What the exercise asks:
The copy should begin at the line containing "Densita Large Textured" and end with the last line below, every line exact and no picture included.

Supplied material:
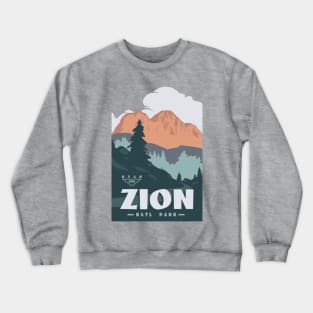 Retro Vintage Utah Zion National Park Travel Poster Gift Tee Crewneck Sweatshirt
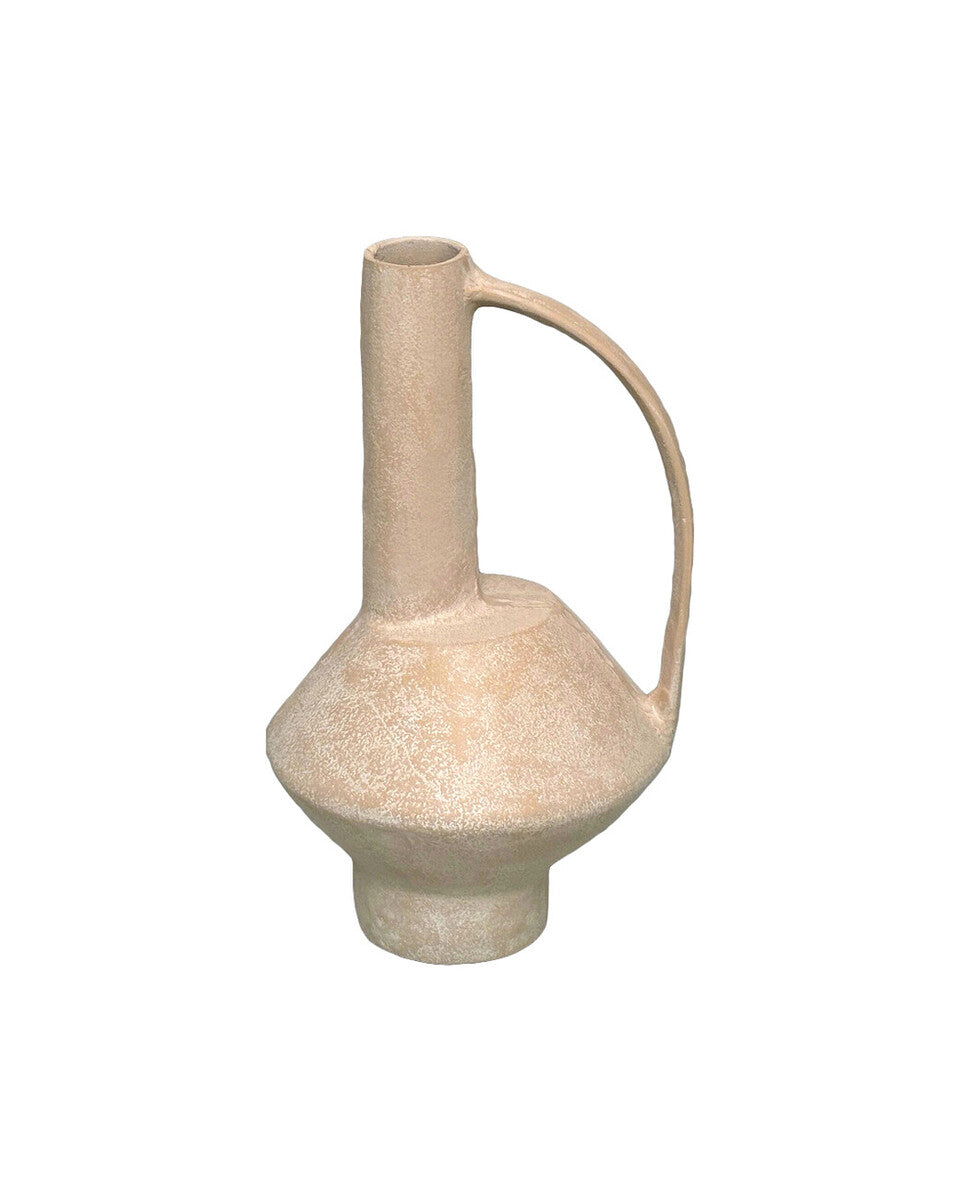 Densita Large Textured Beige Whitewash Vase - Image 2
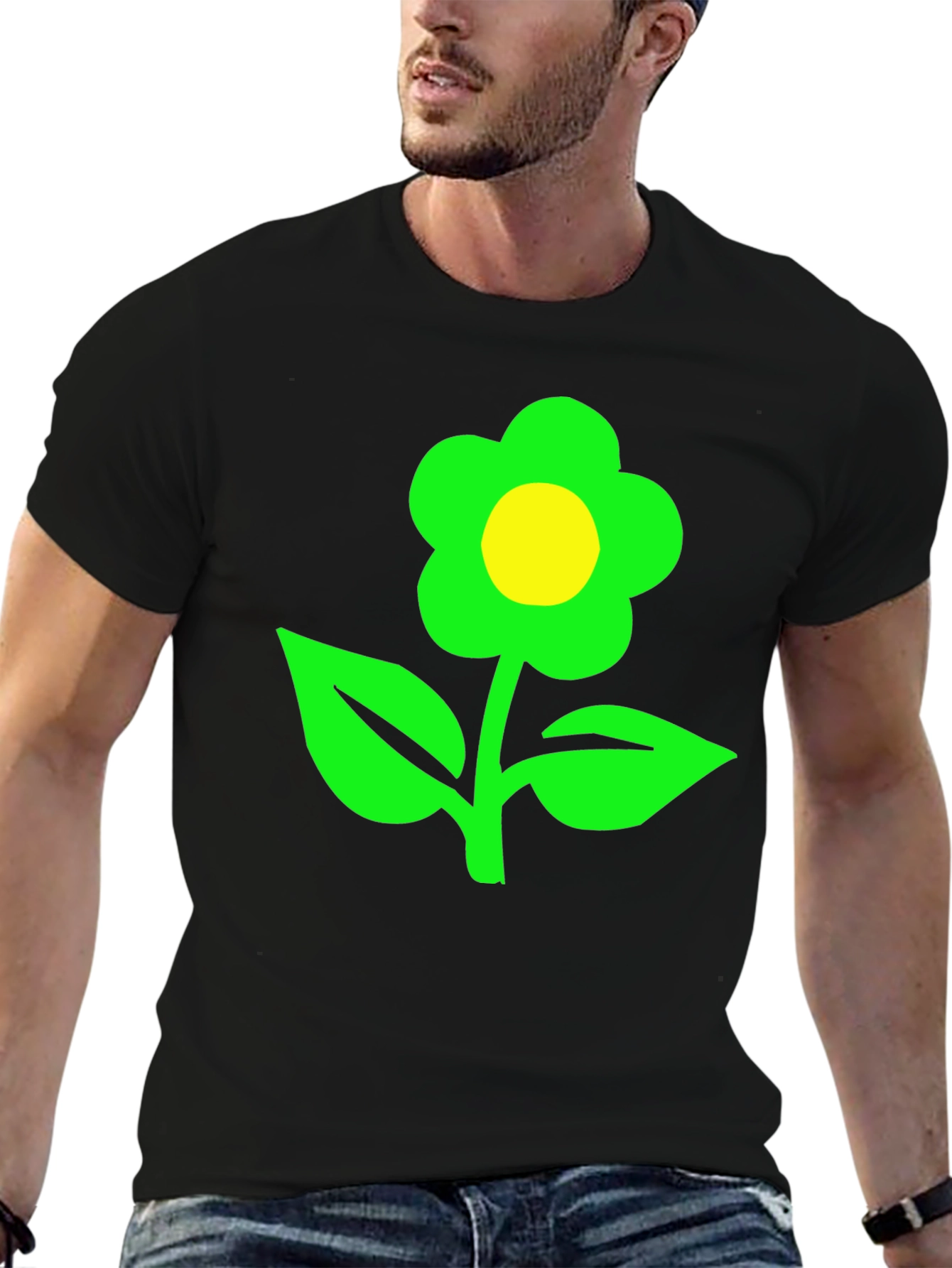Green Flower Graphic T-Shirt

Result for this task:
 Densita Large Textured Beige Whitewash Vase - Image 2
Green Flower Graphic T-Shirt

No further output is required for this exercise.